Le congrès était la preuve de la puissance ou de l’impuissance des gens mariés, aboli en 1677 : voir LP, 84 (86), p. 370, note 8.

643

n7.

Dans les procès de sorcellerie, flotter lorsqu’on était jeté à l’eau (preuve par l’eau froide) témoignait d’une connivence avec le Malin ; voir nº 1540.

643

n8.

Jacopo Menochio, Commentarius de praesumptionibus, conjecturis, signis et indiciis, Lyon, 1588, Liber I, Quaest. LXXXIX, § 128, 130, 131 – Catalogue, nº 969.

643

n9.

« Les esclaves étaient torturés lorsqu’il s’agissait de condamner leurs maîtres à mort » (nous traduisons).
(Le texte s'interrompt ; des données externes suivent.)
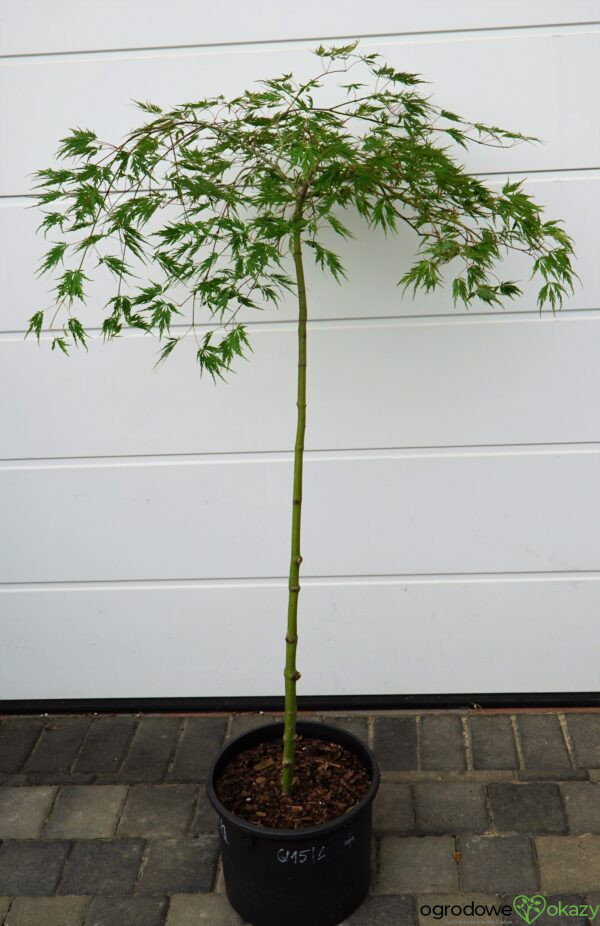 KLON PALMOWY DISSECTUM Acer palmatum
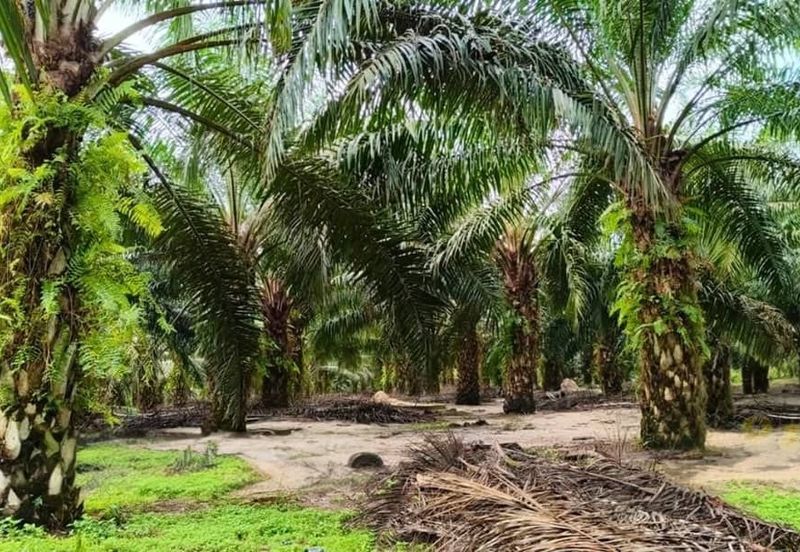 Mersing 183 Acres Land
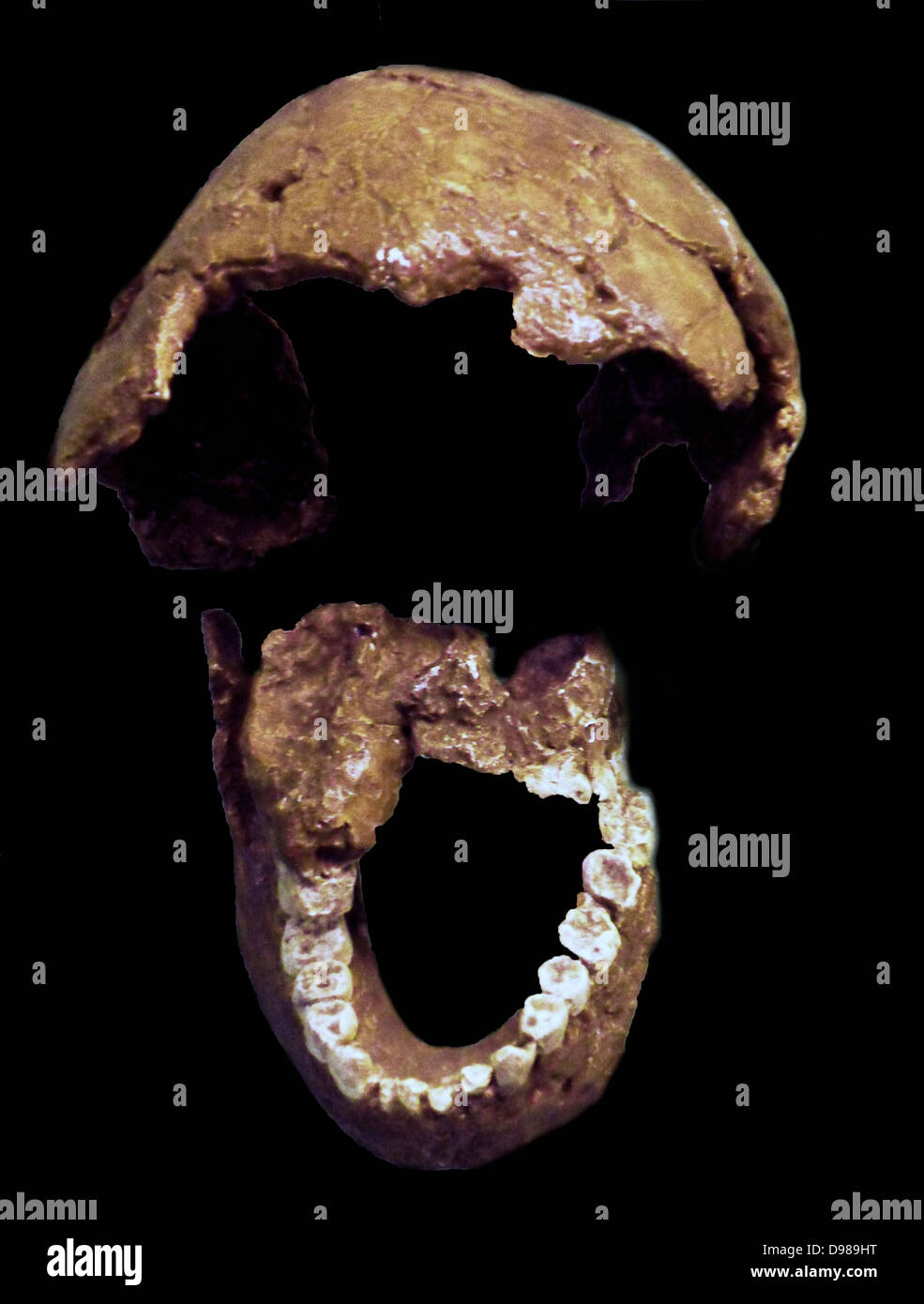 Homo Habilis.  Leakey Et al. 1964.  Ost- und Südafrika.  Abgüsse von Tibia und fibula Stockfoto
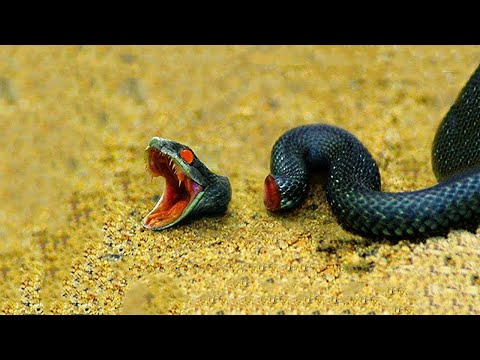 Видео: Ўлгандан Кейин Ҳам Ҳавфли Ҳайвонлар...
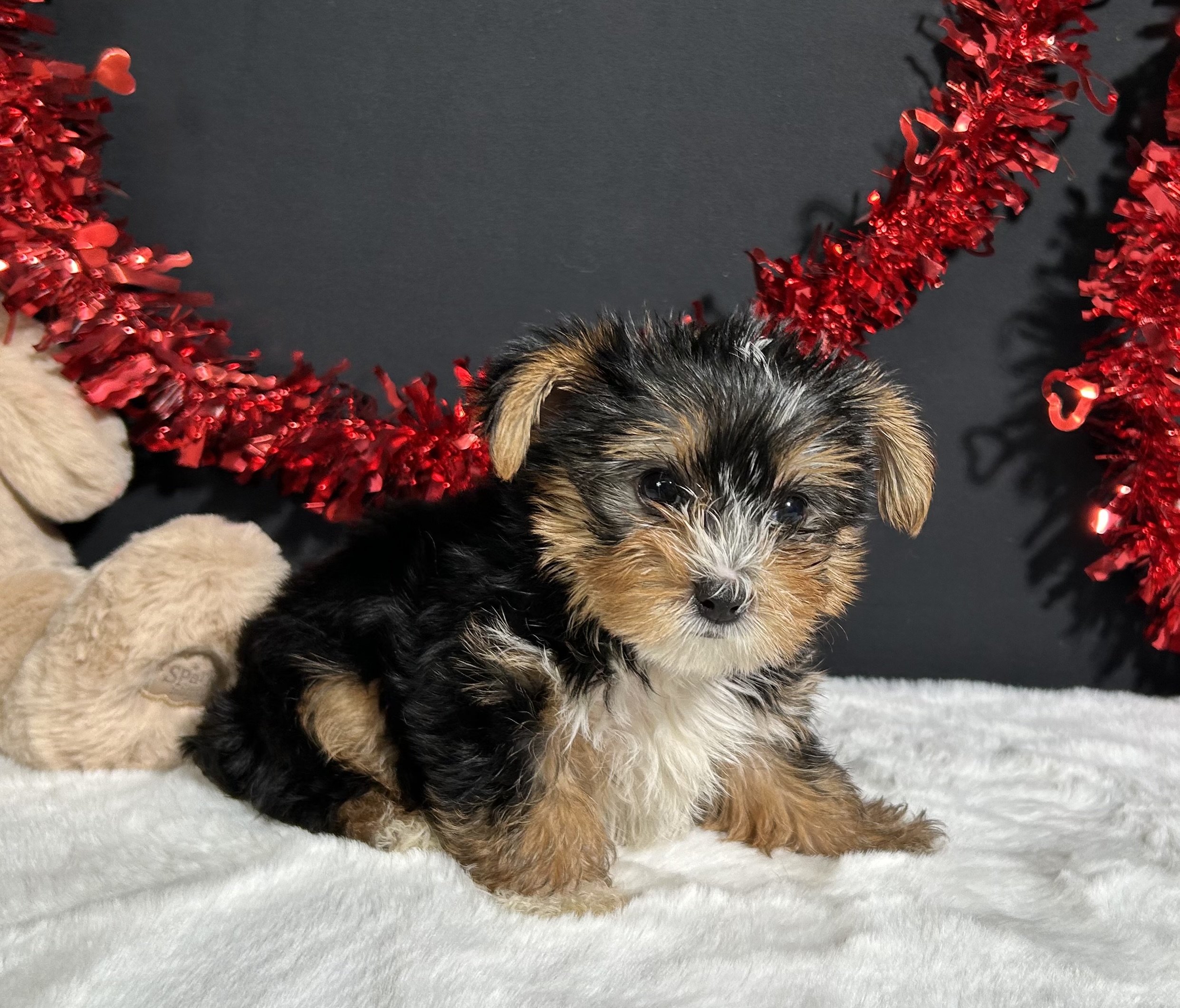 Luke The Yorkie 4 Luke The Yorkie - Image 4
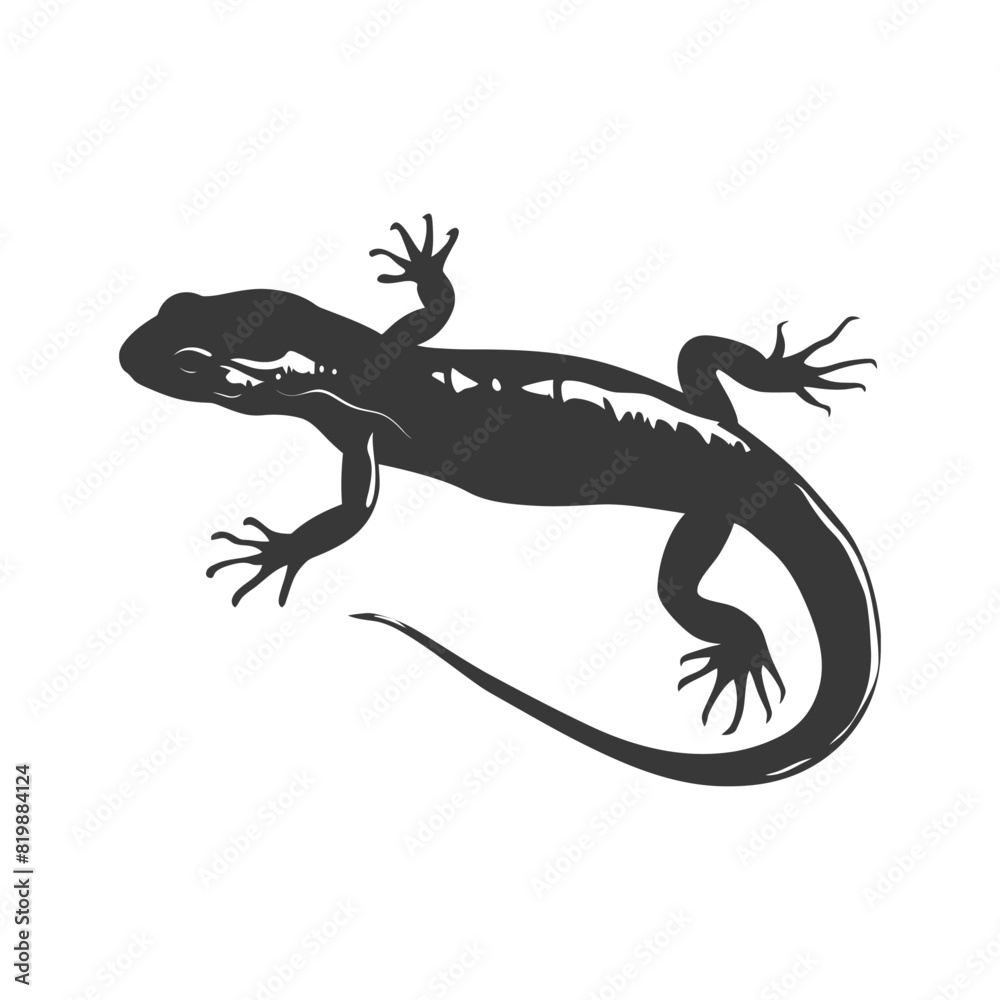 Fototapeta premium Silhouette salamander animal black color only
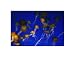 Aquatica: Jelly Migration poster print,14 in. x 10.7 in.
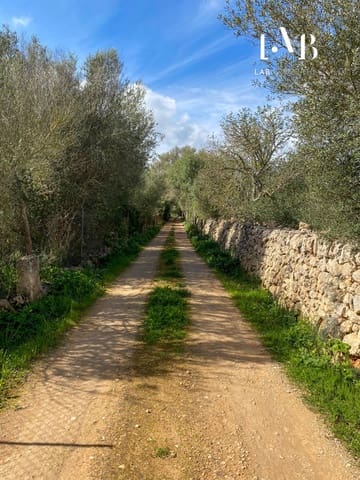 Building Plot for sale in Algaida - € 280,000 (Ref: 8935130)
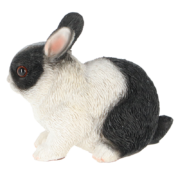 Dwarf rabbit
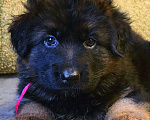 Собаки в Санкт-Петербурге: Щенок немецкой овчарки длинношерстной Девочка, 60 000 руб. - фото 1
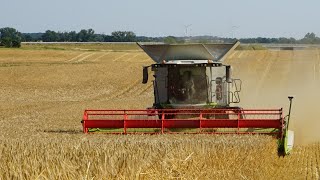 Barley harvest  EastGermany  Claas lexion 7400  Claas Trion 750 TT [upl. by Rubel]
Dans l’Antiquité, la déclaration des esclaves, arrachée par la torture, constitue une preuve, au même titre que le témoignage d’hommes libres, dans les causes capitales concernant leur maître (in caput domini) ; voir Ulpien, L’Office de proconsul, L, 8 ; Digeste, XLVIII, 18, 1, 1.7-8. 11-12.

643

n10.

Il s’agit du sénatus-consulte syllanien, dont Montesquieu expliquera la logique dans L’Esprit des lois (XV, 16 ; cf. nº 1838).

644

n1.

Pierre de Lancre (1560-1630), conseiller au parlement de Bordeaux, auteur du Tableau de l’inconstance des mauvais anges et démons, où il est amplement traité des sorciers et de la sorcellerie [1613], dont Montesquieu possédait la troisième édition (1712, in-4º – Catalogue, nº 2597), écrivait en effet : « […] c’est un simulacre du corps que le Diable nous fait voir… » (N. Jacques-Chaquin (éd.), Paris, Aubier, 1982, 2nd liv., discours II, p. 124). Montesquieu, dans les notes de son séjour à Naples, donne une explication rationnelle du phénomène (Voyages, p. 302).

645

n1.

La guerre de Succession d’Espagne (1701-1714).

645

n2.

L’Angleterre.

645

n3.

Les Provinces-Unies.

645

n4.

Marlborough, commandant en chef des Anglo-Hollandais en Flandre et en Allemagne ; voir nº 593, note 1.

647

n1.

Cette remarque est reprise dans L’Esprit des lois (XVIII, 17), sans la référence aux Tartares dont l’esprit de servitude et le despotisme constituent une exception à la liberté des peuples qui ne cultivent pas la terre (EL, XVII, 5 ; XVIII, 19). La documentation de Montesquieu s’étoffera à partir de 1733-1734 : il fait mention des ouvrages de Jean du Plan Carpin (Relation des voyages en Tartarie […], Paris, M. Soly, 1634 ; voir Geographica, p. 302, etc.) et de Pétis de la Croix père (Histoire du Grand Genghizcan, premier empereur des anciens Mogols et Tartares, Paris, veuve Jombert, 1710 ; voir nº 1934), dans les Réflexions sur la monarchie universelle en Europe, parues en 1734 (OC, t. 2, XIII, note (g), p. 351) : il lit la Description géographique, historique, chronologique, politique et physique de l’Empire de la Chine et de la Tartarie chinoise du père Du Halde (Paris, P. G. Le Mercier, 1735 ; extrait [1735-1739] dans Geographica, p. 139-284) et l’Histoire généalogique des Tatars (Leyde, A. Kallewier, 1726 – Catalogue, nº 3125 ; extrait [1734-début 1739] dans Geographica, p. 293-318) ; voir nº 205, note 1.